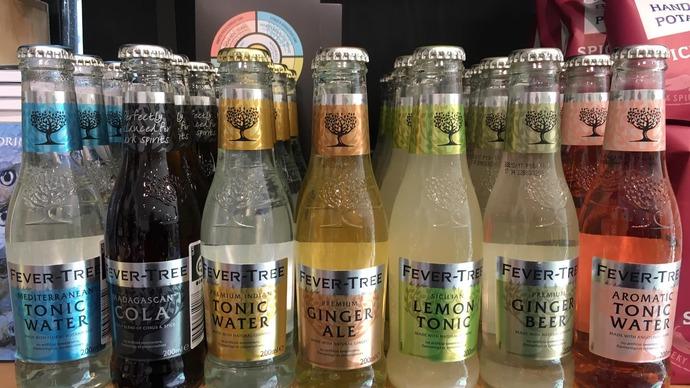 Flere flasker af Fever-Tree tonicvand og ingefærøl i forskellige smagsvarianter på en hylde.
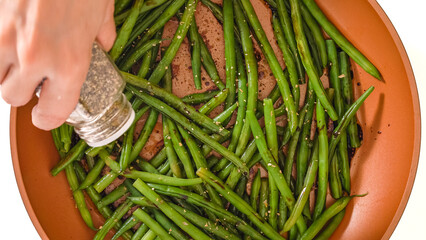 Pan fried French green beans (Haricots Verts) recipe. String beans on a frying pan with soy sauce,...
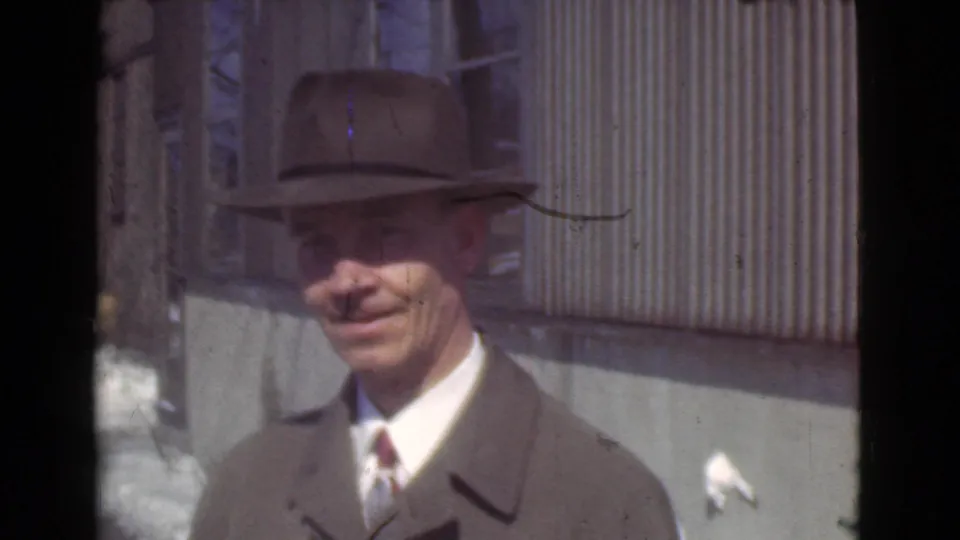 The man remains framed close to camera, smiling under the brim of his hat against a sunlit corrugated wall.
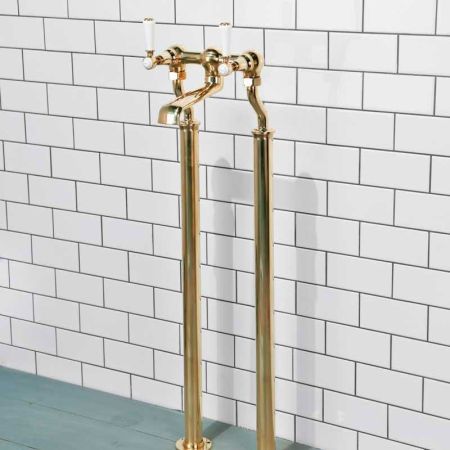 Linton Floor Mounted Bath Filler With White Levers In Living Brass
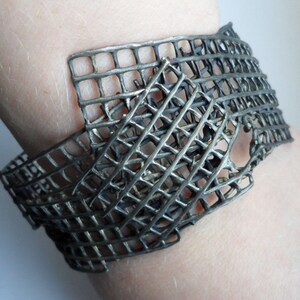 Könnte beinhalten: Ein silbernes Metallarmband mit geometrischem, durchbrochenem Design. Das Armband besteht aus miteinander verwobenen Metallstreifen, die ein gitterartiges Muster bilden.
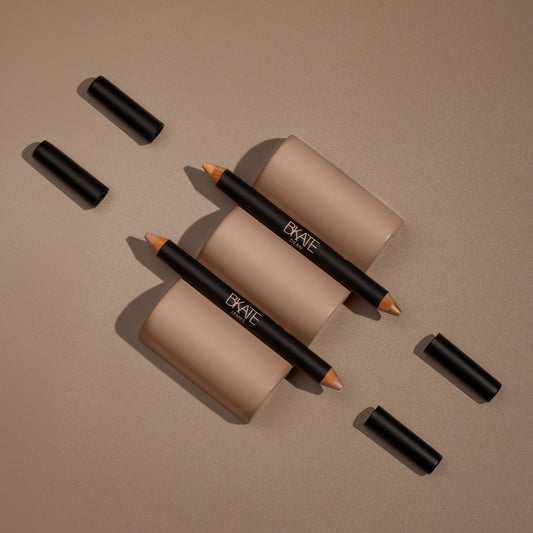 Dual-ended B'KATE brow highlighter pencil featuring a matte lifting shade and a shimmering champagne highlight, formulated as vegan and cruelty-free for brow bone enhancement.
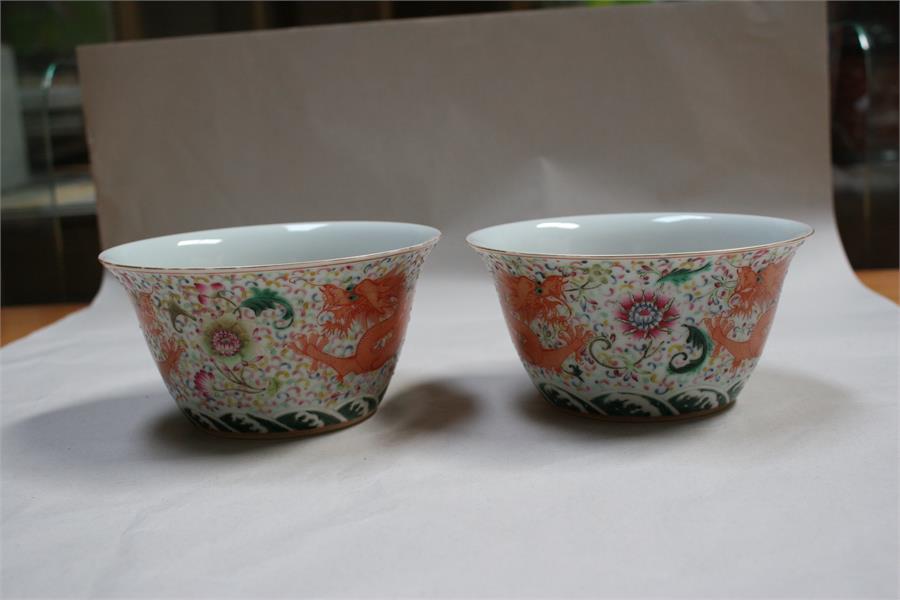 A pair of Chinese bowls decorated with dragons and flowers, with blue seal mark to underside, - Image 6 of 13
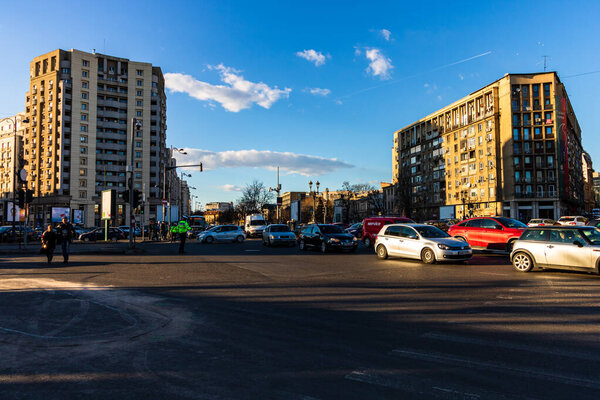 Cars in traffic at rush hour in downtown area of the city. Car pollution, traffic jam in the morning and evening in the capital city of Bucharest, Romania, 2021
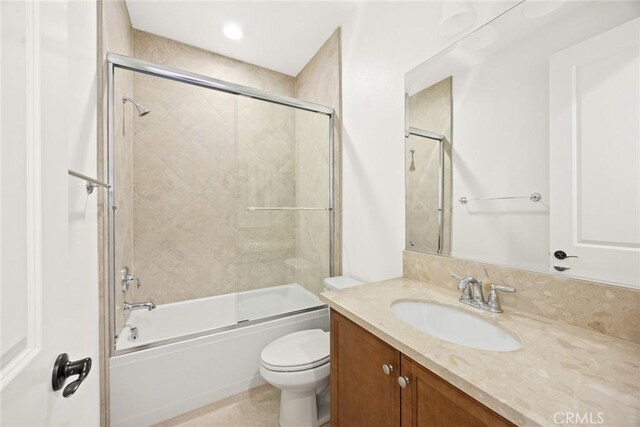 full bathroom with vanity, enclosed tub / shower combo, and toilet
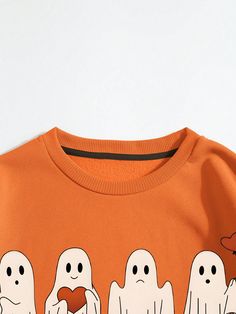 Stay snug this season with this Halloween-inspired thermal-lined sweatshirt. Crafted from soft, comfortable fabric, this on-trend piece is designed with a timeless print and classic long-sleeve construction to ensure you stay cozy through fall. Color : Burnt Orange Style : Casual Pattern Type : Heart Pattern Type : Halloween Type : Pullovers Neckline : Round Neck Sleeve Length : Long Sleeve Sleeve Type : Regular Sleeve Length : Regular Fit Type : Loose Fabric : Slight Stretch Material : Knitted Fall Cartoon Print Sweatshirt For Streetwear, Trendy Fall Sweatshirt With Character Print, Trendy Character Print Sweatshirt For Fall, Fall Streetwear Sweatshirt With Cartoon Print, Fall Cartoon Print Streetwear Sweatshirt, Red Cartoon Print Sweatshirt For Fall, Orange Letter Print Sweatshirt For Winter, Orange Ribbed Cuffs Sweatshirt For Fall, Trendy Orange Sweatshirt For Fall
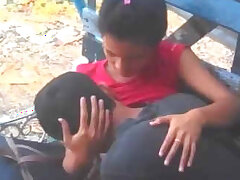 Indian lover in public park sucking boobs
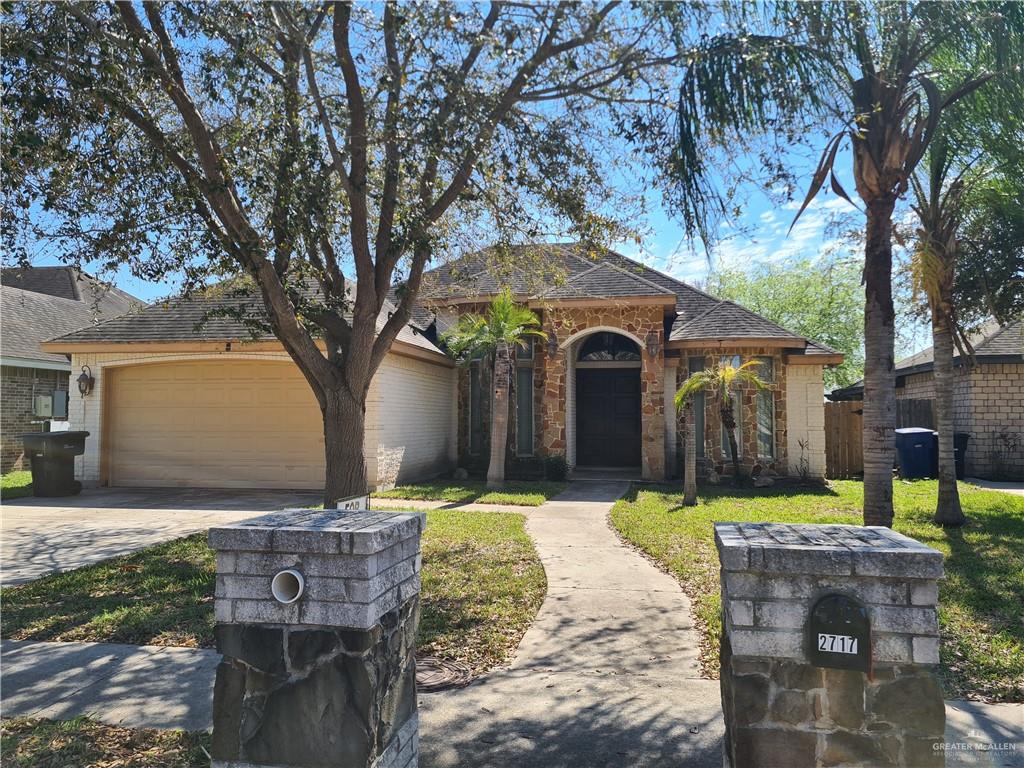 Ranch-style house featuring a garage and a front lawn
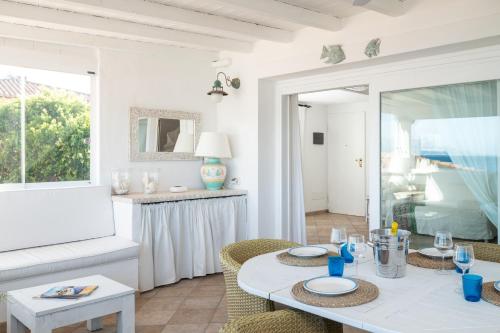 Una sala de estar con una mesa y sillas blancas. en S'Abba seafront apartments - Your House in Sardinia, en Golfo Aranci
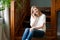 Image pretty happy caucasian woman sitting on wooden stairs indoors at home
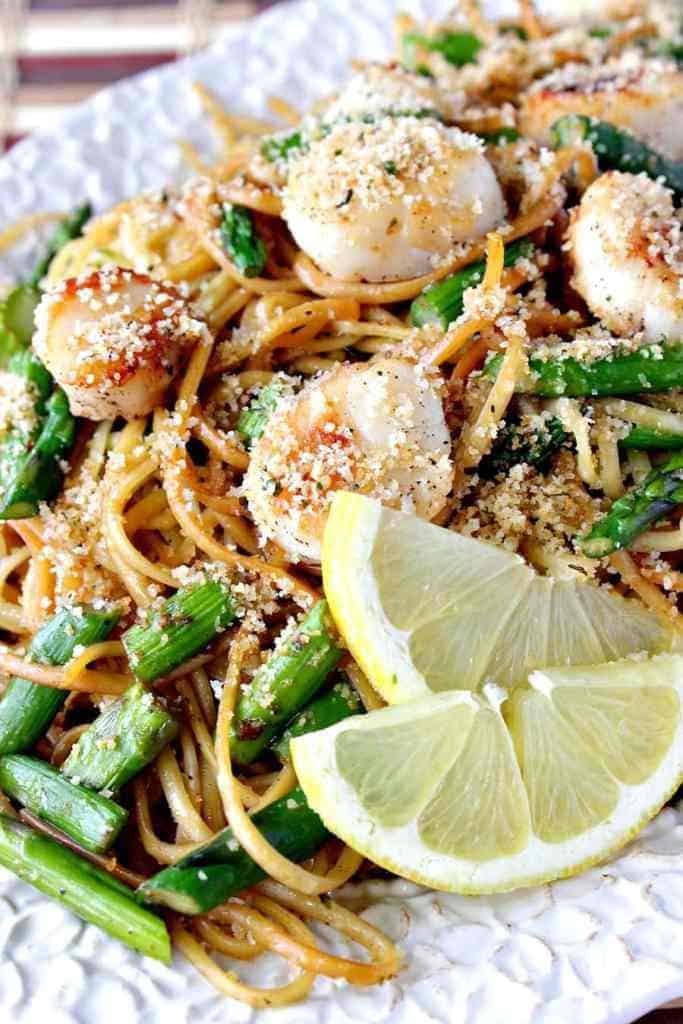 A closeup vertical photo of linguine with scallops, asparagus and buttered breadcrumbs. Valentine's Day dinner recipe roundup. 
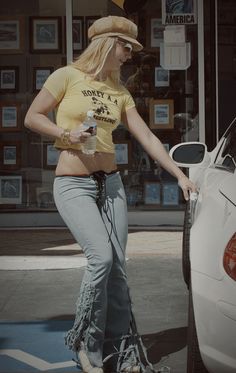 a woman is standing next to a car with her hand on the back door handle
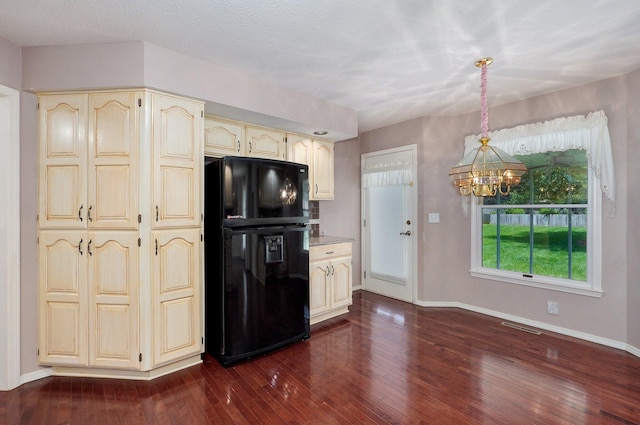 2133 E Cragmont St, Springfield, MO 65804 - kitchen with freestanding refrigerator, cream cabinetry, a chandelier, and dark wood-style floors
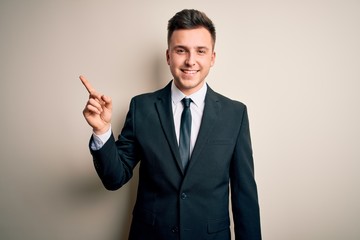 Young handsome business man wearing elegant suit and tie over isolated background with a big smile on face, pointing with hand finger to the side looking at the camera.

###

* WHAT THE EXERCISE ASKS *
Pictures excluded, repeat the material above from its first line through the line containing "Könnte beinhalten: Ein", both included.

* ANSWER SPACE *
 Flere flasker af Fever-Tree tonicvand og ingefærøl i forskellige smagsvarianter på en hylde.
 Pan fried French green beans (Haricots Verts) recipe. String beans on a frying pan with soy sauce,...
 The man remains framed close to camera, smiling under the brim of his hat against a sunlit corrugated wall.
 Linton Floor Mounted Bath Filler With White Levers In Living Brass
 Könnte beinhalten: Ein silbernes Metallarmband mit geometrischem, durchbrochenem Design. Das Armband besteht aus miteinander verwobenen Metallstreifen, die ein gitterartiges Muster bilden.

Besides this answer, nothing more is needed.